▶ Work request:
Repeat the data exactly. Pictures are not part of the copy.

▶ Dataset extract:
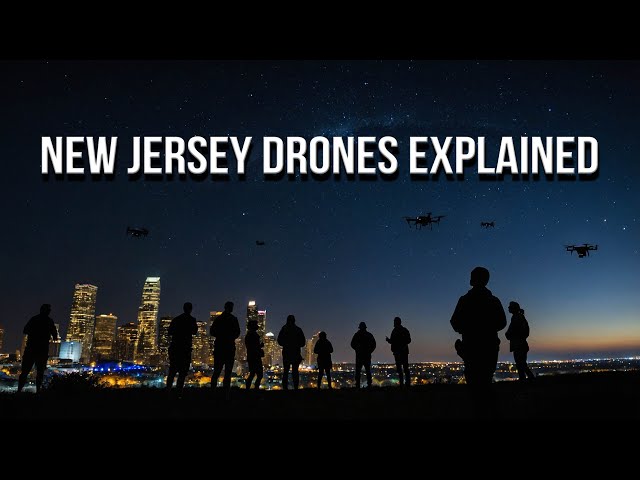 The New Jersey Christmas Drone Mystery Has Been Solved!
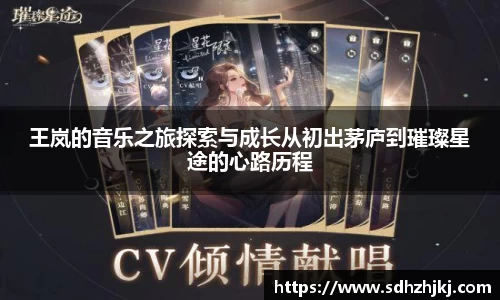 王岚的音乐之旅探索与成长从初出茅庐到璀璨星途的心路历程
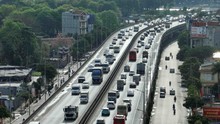 Giao thông Hà Nội thông thoáng trong ngày cuối của kỳ nghỉ lễ 30/4 – 1/5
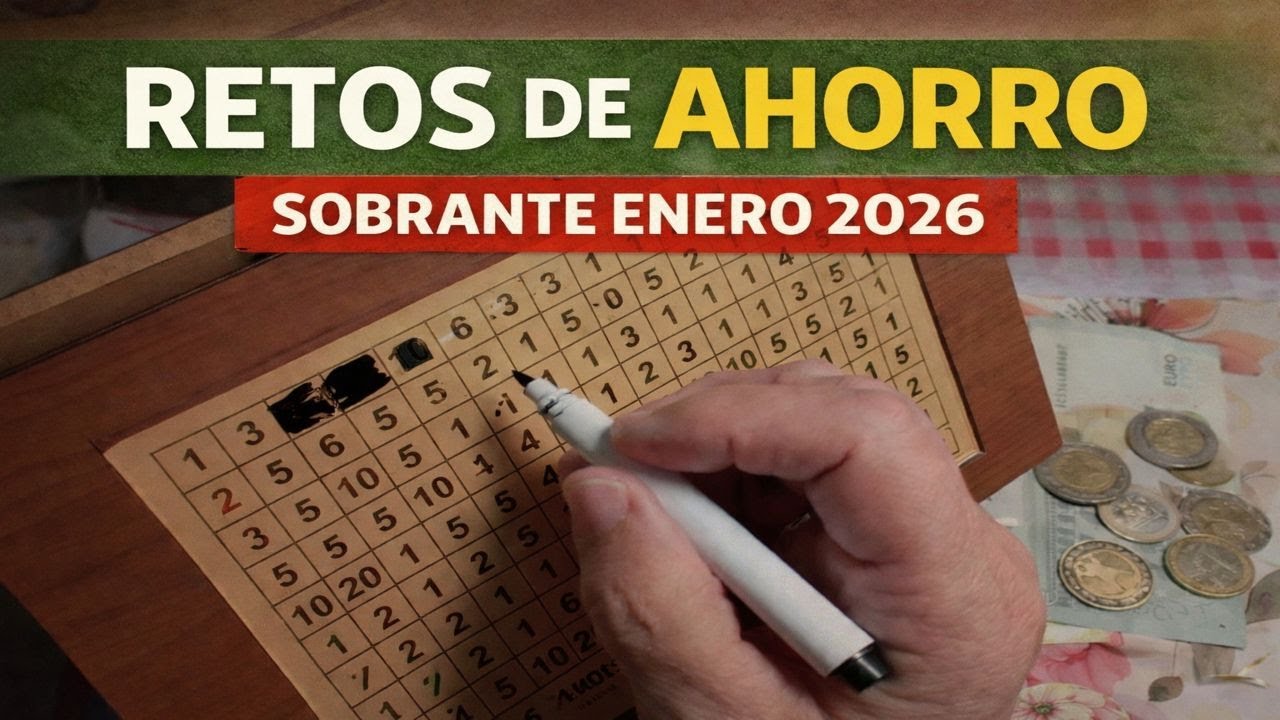RETOS DE AHORRO CON EL SOBRANTE DEL CIERRE DEL MES DE ENERO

▶ Solution to this problem:
 The New Jersey Christmas Drone Mystery Has Been Solved!
 王岚的音乐之旅探索与成长从初出茅庐到璀璨星途的心路历程
 Giao thông Hà Nội thông thoáng trong ngày cuối của kỳ nghỉ lễ 30/4 – 1/5
RETOS DE AHORRO CON EL SOBRANTE DEL CIERRE DEL MES DE ENERO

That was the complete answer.